Romani writer and filmmaker, Damian Le Bas introduced the screening of Trespass Against Us on Wednesday 1 March, and hosted the discussion afterwards…. Writes Jane Jackson, Chair of the Board, Borderlines Film Festival.
Damian felt that the filmmakers had gone out of their way not to identify the main characters as Travellers, Gypsies or Romani, despite using real Romani language and other cultural indications such as their mannerisms and jewellery in the film. This was probably a deliberate attempt by the filmmakers to prevent people criticising the film on its depiction of Travellers. Since TV series My Big Fat Gypsy Wedding and its many spin-offs, the media/film depiction of Travellers has become an uncomfortable experience for many Travellers themselves, fearing the worst excesses of stereotyping or just plain untruth.

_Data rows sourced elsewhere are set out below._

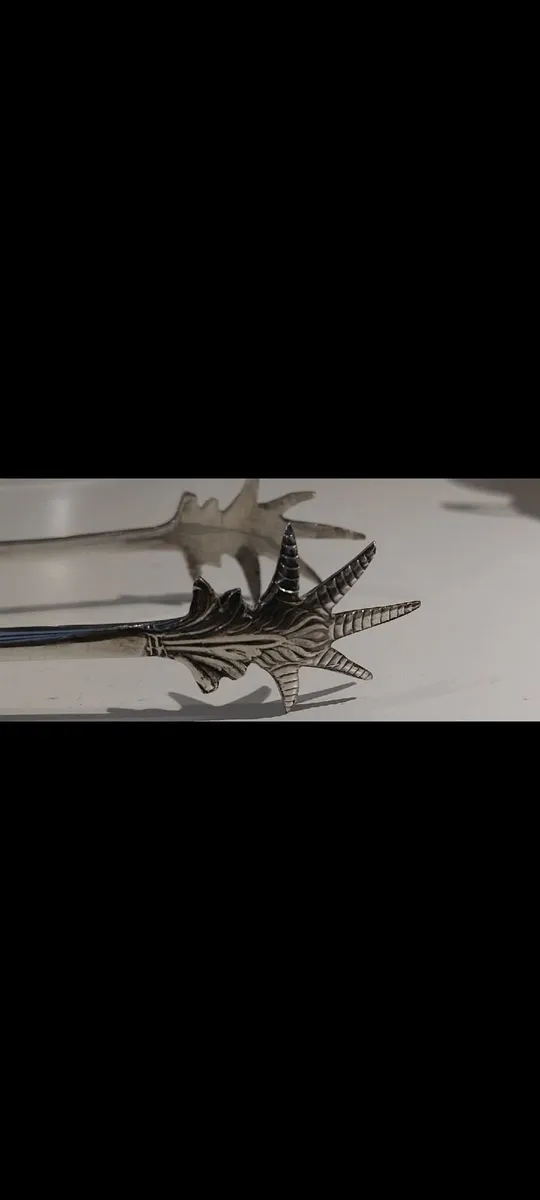Solid silver vintage ice/sugar claw - Image 3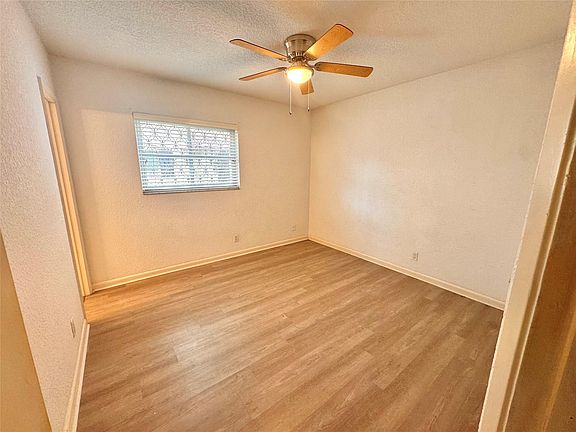 5th image of 259 S Cypress Road #509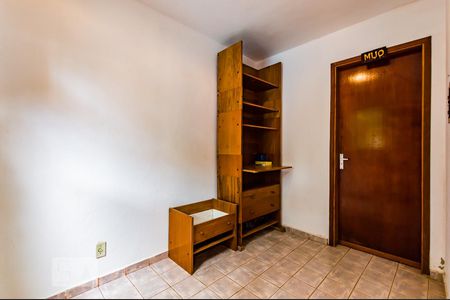 Casa à venda com 380m², 6 quartos e 3 vagas Casa à venda com 380m², 6 quartos e 3 vagasEdicula - Suíte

Damian was convinced that Trespass Against Us was based on a BBC documentary from 14 years ago about a Gloucestershire Traveller family, the Johnsons, who were well known for “being pretty wild”. They had been severely mistreated by the authorities, which was where their mentality to strike back came from. Without this context, the behaviour of the family in Trespass Against Us didn’t really make any sense, though it did have some elements of truth about Traveller life as it was still lived 30 years ago.